Police Commissioner Tisch says NYPD top brass were assigned fancy cars meant for investigations
Published in News & Features
NEW YORK — An internal review of a little-known NYPD unit found that top police officials were driving around in souped-up vehicles meant to be used during undercover investigations, Police Commissioner Jessica Tisch said Wednesday.
“The result of it was galling,” Tisch testified at a City Council budget hearing at City Hall. “We had executives that had multiple, three, four, five ... kitted-out vehicles assigned to them personally.” Kitted-out vehicles have accessories common among drag racers and fans of muscle cars.
“It was out of all control,” Tisch said.
There were also vehicles, she said, that had been assigned to units not involved in “confidential investigations,” which is the point of the unit, the Confidential Rental and Leasing Office, or CRALO.

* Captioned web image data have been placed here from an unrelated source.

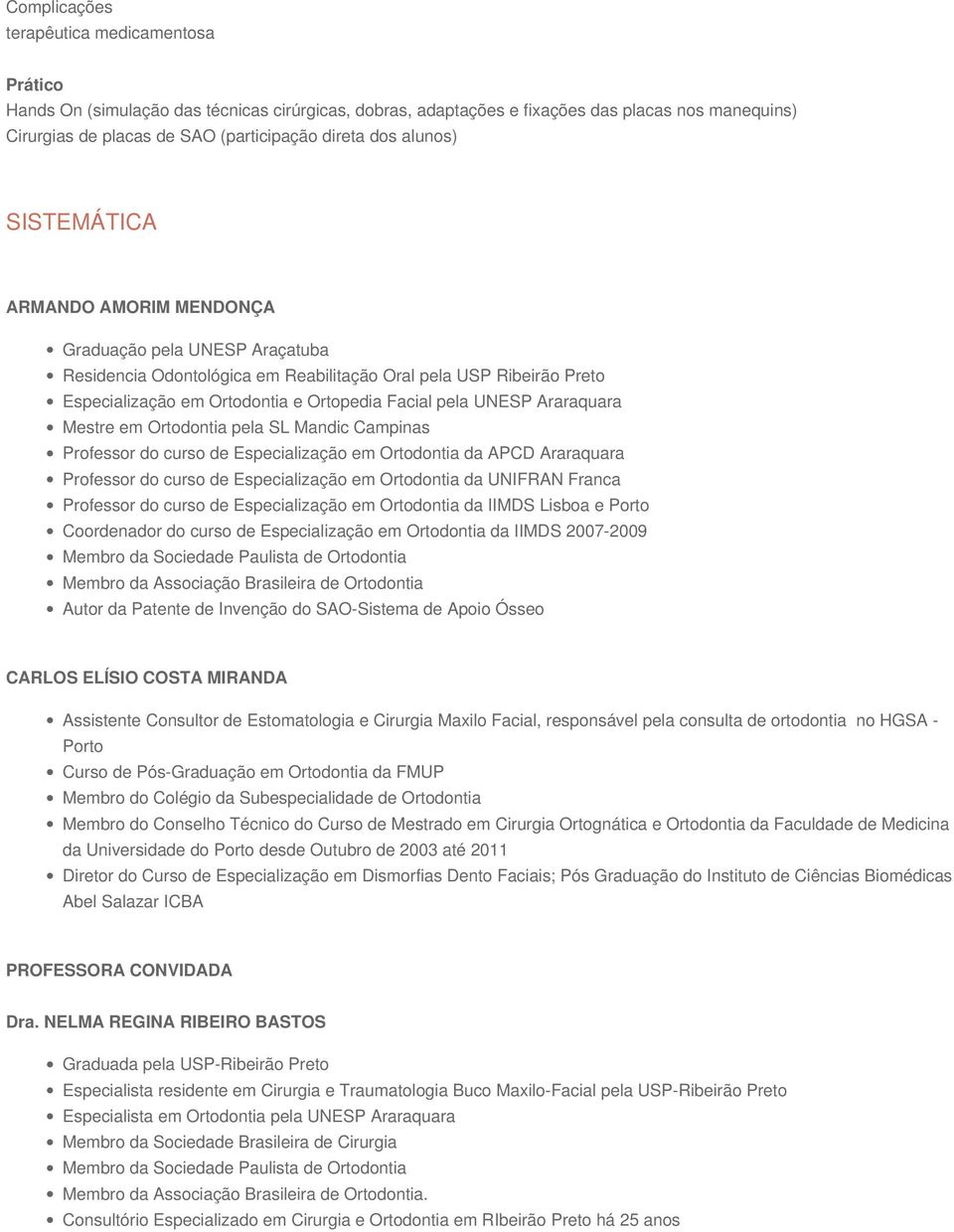 UNESP Araraquara Mestre em Ortodontia pela SL Mandic Campinas Professor do curso de Especialização em Ortodontia da APCD Araraquara Professor do curso de Especialização em Ortodontia da UNIFRAN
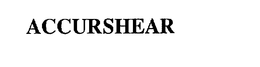 ACCURSHEAR trademark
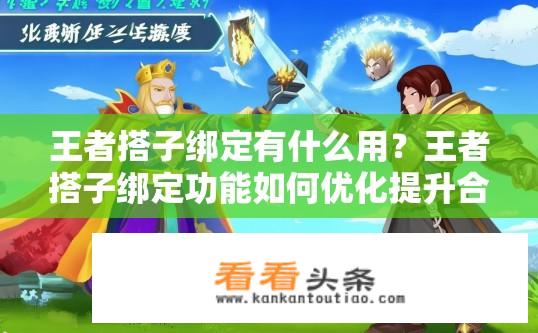 王者搭子绑定有什么用？王者搭子绑定功能如何优化提升合作效率与互动效果？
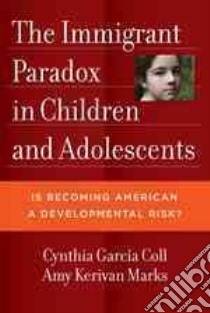 The Immigrant Paradox in Children and Adolescents libro in lingua di Coll Cynthia Garcia (EDT), Marks Amy Kerivan (EDT)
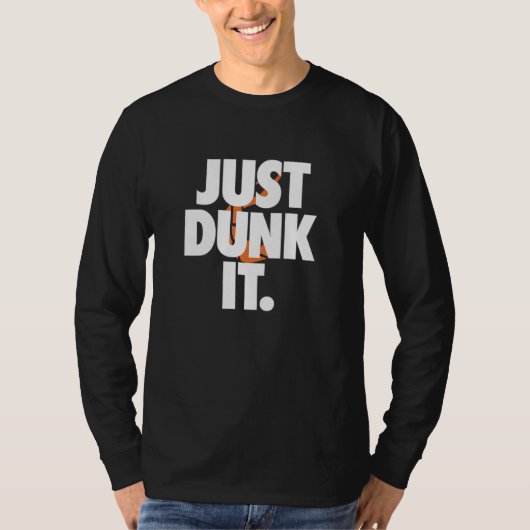 Just Dunk ItバスケットボールTシャツデザインfor Players Tシャツ (正面)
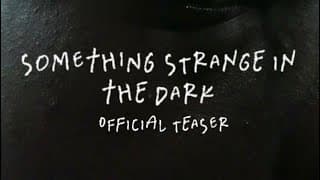 Something Strange in the Dark | Offical Teaser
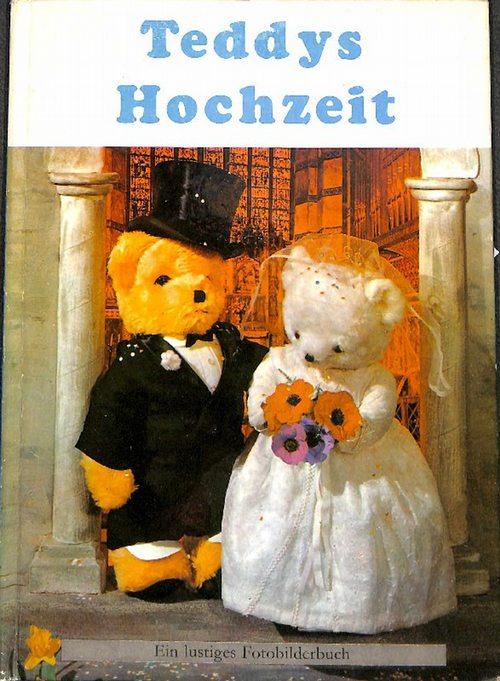 Teddys Hochzeit Ein Lustiges Fotobilderbuch Nach Einer Geschichte Von Lilian Porter Von Lilian Porter Pappband 1968 Lausitzer Buchversand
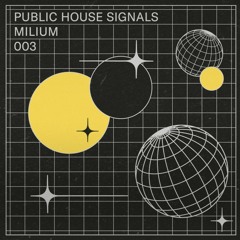 P.H Signals 003 - Milium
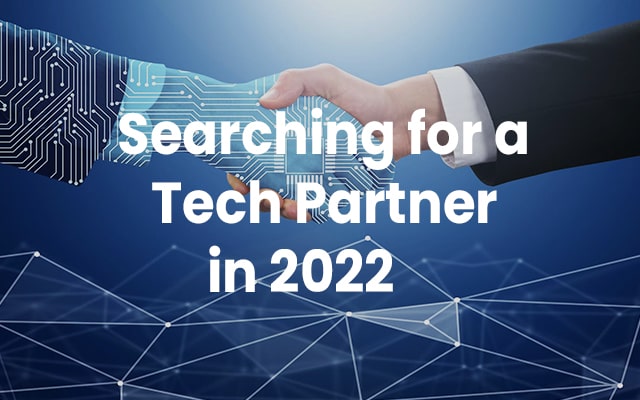 All You Should Know About Searching For a Tech Partner in 2022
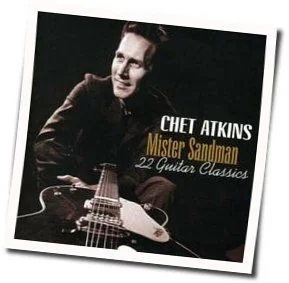 Mister Sandman Chords by Chet Atkins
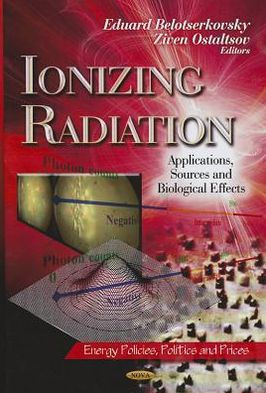 Ionizing Radiation : Applications, Sources and Biological Effects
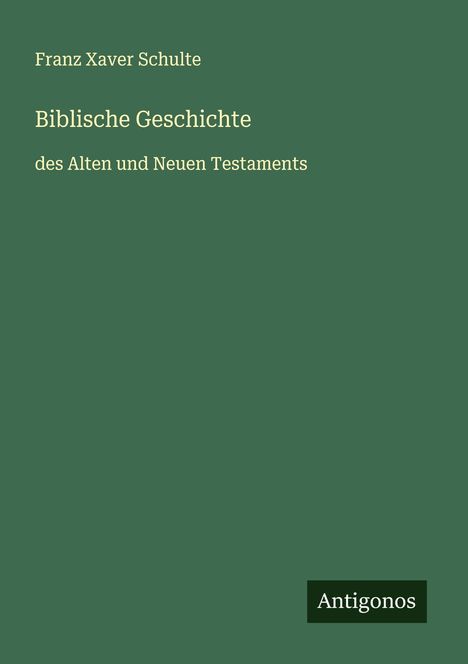 Franz Xaver Schulte: Biblische Geschichte, Buch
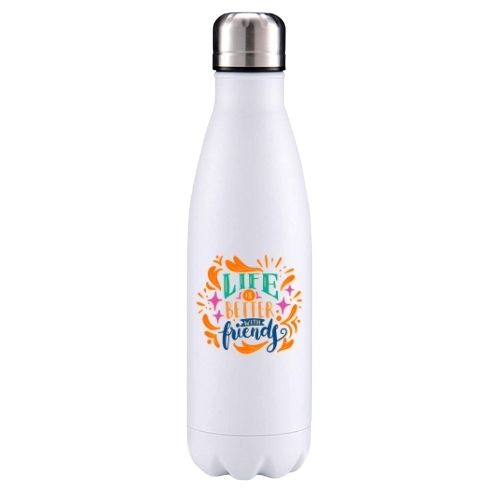 Life is better with friends insulated metal bottle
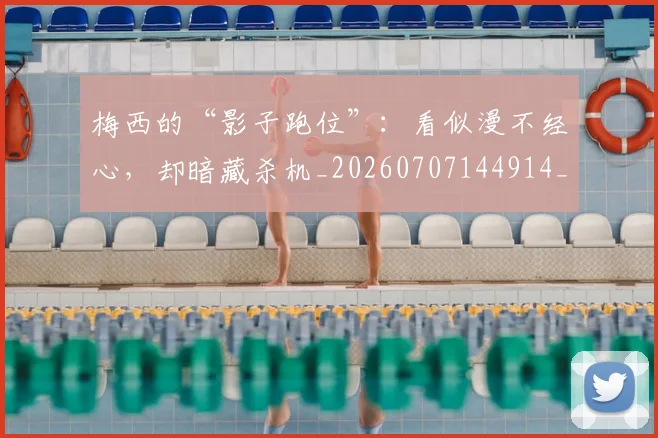 梅西的“影子跑位”：看似漫不经心，却暗藏杀机_20260707144914_20260731181929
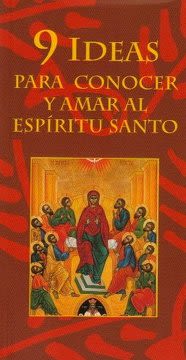 9 IDEAS PARA CONOCER Y AMAR AL ESPIRITU SANTO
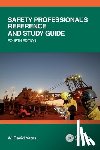 Yates, W. David (EHF Manager - Safety Professional's Reference and Study Guide, Fourth Edition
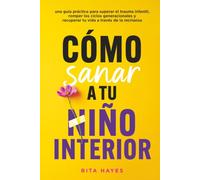 Cómo sanar a tu niño interior: una guía práctica para superar el trauma infantil, romper los ciclos generacionales y recuperar tu vida a través de la recrianza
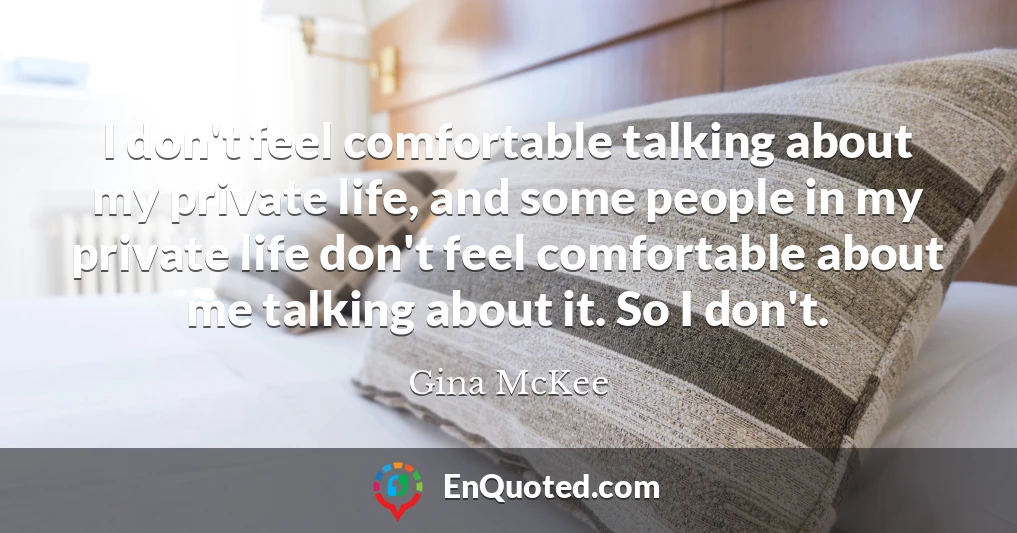 I don't feel comfortable talking about my private life, and some people in my private life don't feel comfortable about me talking about it. So I don't.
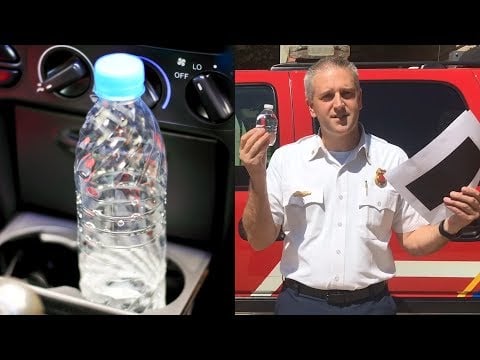 How a Water Bottle Can Cause a Fire In Your Car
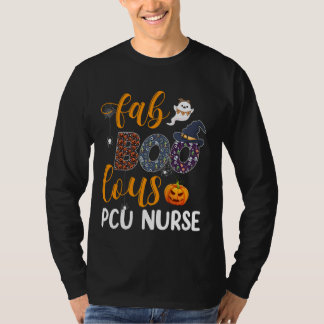 Fabulous Nurse Costume Faboolous PCU Nurse Hwe T-shirt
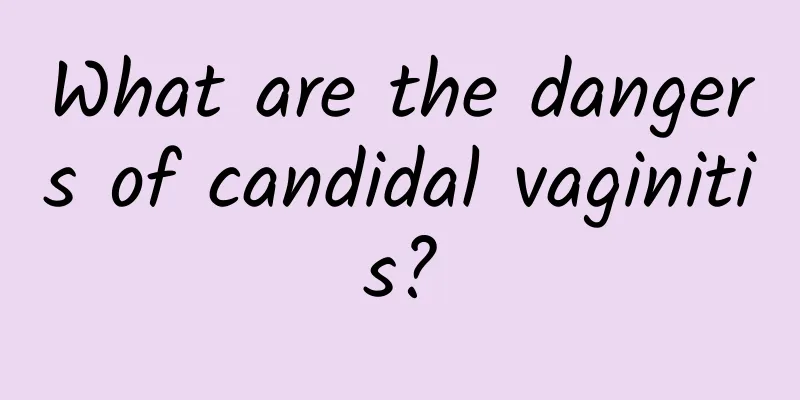 What are the dangers of candidal vaginitis?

The Daily News reported last year that CRALO, created under former Police Commissioner Raymond Kelly, was designed to give investigators, such as detectives and undercover officers, use of various types of leased vehicles — everything from an ordinary sedan to a fancy sports car — that criminals don’t typically associate with standard, unmarked NYPD vehicles.
But in recent years, according to police sources, a number of CRALO vehicles have been assigned to higher-ups who are not involved with investigations and simply used the vehicles to drive to and from work.
The danger, sources noted at the time, was that an investigator who couldn’t get a CRALO car and had to use a typical unmarked car, such as those used by detectives, could be more easily recognized as a cop by drug dealers, gang members and other criminals.
Tisch, who ordered an accounting of CRALO as part of her departmentwide review after she became police commissioner in November 2024, testified that a series of new rules are now in place.
“We took the CRALO vehicles away from the executives,” she said. “We insured that executives were assigned a single car and not multiple cars, and we also made sure these vehicles were only being used in the investigative commands.”
The top cop also noted that no one found to have been wrongly using a CRALO vehicle was disciplined because the abuse “was sanctioned by the department.”
“It didn’t appear that they were doing it under the radar,” she added. “Their bosses had allowed them to do it. It was approved.”
Tisch did not say how many vehicles are currently in the CRALO fleet.
The Daily News previously reported there were about 1,000 such vehicles being used by the NYPD and that the department spent about $1.2 million a year in federal funds to lease them from rental companies.